The previously described FLYA algorithm (7) for automated chemical shift assignment uses a combination of evolutionary and local optimization (6) to optimally map cross peaks expected on the basis of sequence and structure to cross peaks observed in the experimental spectra. With this general approach, it can determine chemical shift assignments using peak lists from any combination of multidimensional NMR spectra.

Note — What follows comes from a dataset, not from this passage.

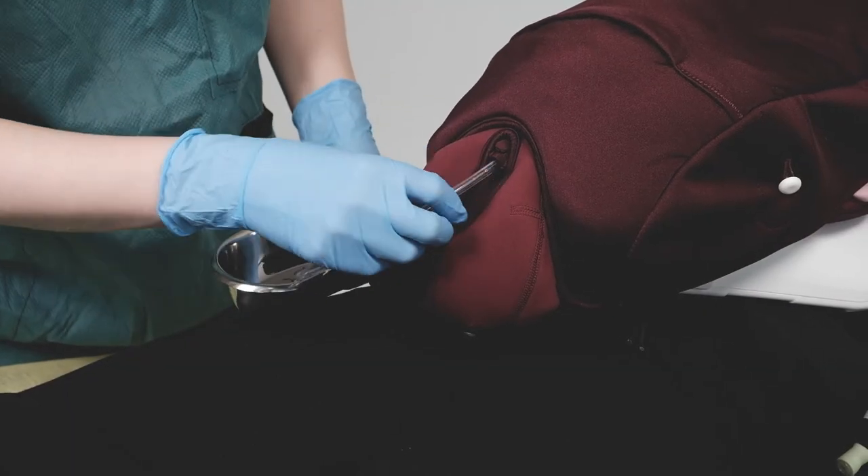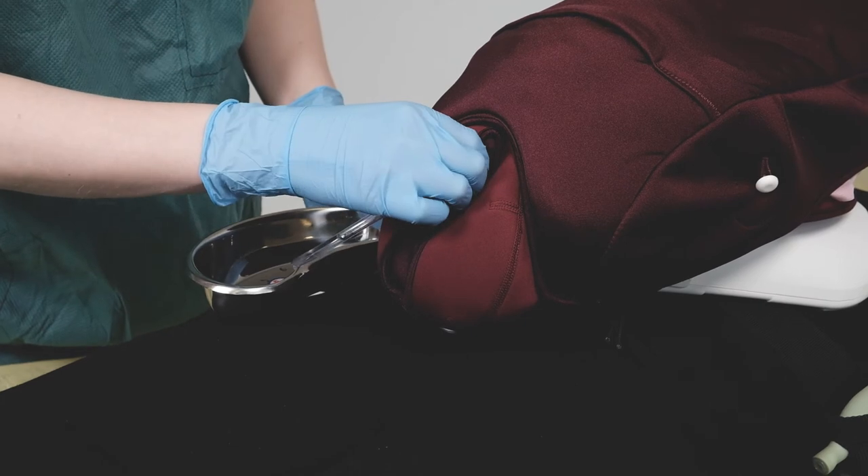If it has not been done earlier, a team member catheterizes the woman and empties the bladder.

3D structures can be used directly by FLYA when generating the cross peaks that are expected in NOESY spectra. An expected NOESY cross peak is generated whenever the corresponding distance is shorter than 6.0 Å in all conformers in the structure bundle. In the absence of an input structure, FLYA applies this criterion to an internally generated bundle of random structures, i.e., structures with correct covalent geometry but random torsion angle values that are only minimized to avoid steric clashes. Consequently, only expected cross peaks that correspond to short-range distances (within a residue or between neighboring residues) will be obtained because the distance between two atoms located far apart in the protein sequence are highly unlikely to be consistently short in all members of the random structure bundle. In contrast, if a narrow bundle of structures is provided to FLYA, then also medium-range and long-range expected NOESY cross peaks will be generated, which corresponds to the situation in the experimental spectra where such peaks are observed. In FLYA, expected peaks are further characterized by an a priori estimate of the probability to actually observe the peak in an experimental spectrum, which is used for selecting peak mappings and scoring assignments during the optimization (7). For NOESY cross peaks, this estimated probability is set to 0.9 if the maximal distance dmax in the structure bundle is shorter than 4 Å, 0.8 if 4 ≤ dmax < 4.5 Å, 0.7 if 4.5 ≤ dmax < 5 Å, 0.6 if 5 ≤ dmax < 5.5 Å, and 0.5 if 5.5 ≤ dmax < 6 Å. In “through-bond” spectra, the estimated probabilities are set to fixed values, stored in the CYANA library file, for each magnetization transfer path that can give rise to an expected peak.

Input chemical shift predictions replace, if available, the default statistics used by FLYA as a priori information for the chemical shift assignment, which is derived from the distribution of chemical shift values over all known assignments for a given atom in the BMRB data bank (36). Chemical shift distributions are modeled in FLYA as normal distributions defined by their mean and SD. Using structure-based chemical shift prediction, one can in many cases obtain chemical shift distributions that are more accurate (i.e., have a mean value closer to the actual chemical shift value) and more precise (i.e., have a smaller SD then the general BMRB distribution) and thus help FLYA in determining reliable assignments. To achieve this, it is not necessary that the chemical shift prediction algorithm provides the correct value with high accuracy.

The FLYA algorithm yields a chemical shift assignment for all atoms involved in expected cross peaks that are mapped to an observed peak. FLYA classifies these assignments as either strong (reliable) or weak (tentative) by running the assignment algorithm multiple times (20 times for all calculations in this paper) with identical input data but different random numbers to initialize the optimization algorithm (7). The assignment of a given atom is classified as strong if at least 80% of the chemical shift values found for this atom in the 20 independent runs fall within a range of ω ± Δω, where ω is the optimal consensus chemical shift value and Δω is a tolerance of 0.03 ppm for 1H and 0.4 ppm for 13C and 15N. Assignments of atoms that do not fulfill this criterion are classified as weak. Weak assignments are often still correct but carry an about 10 times higher chance of being wrong than the strong assignments (7).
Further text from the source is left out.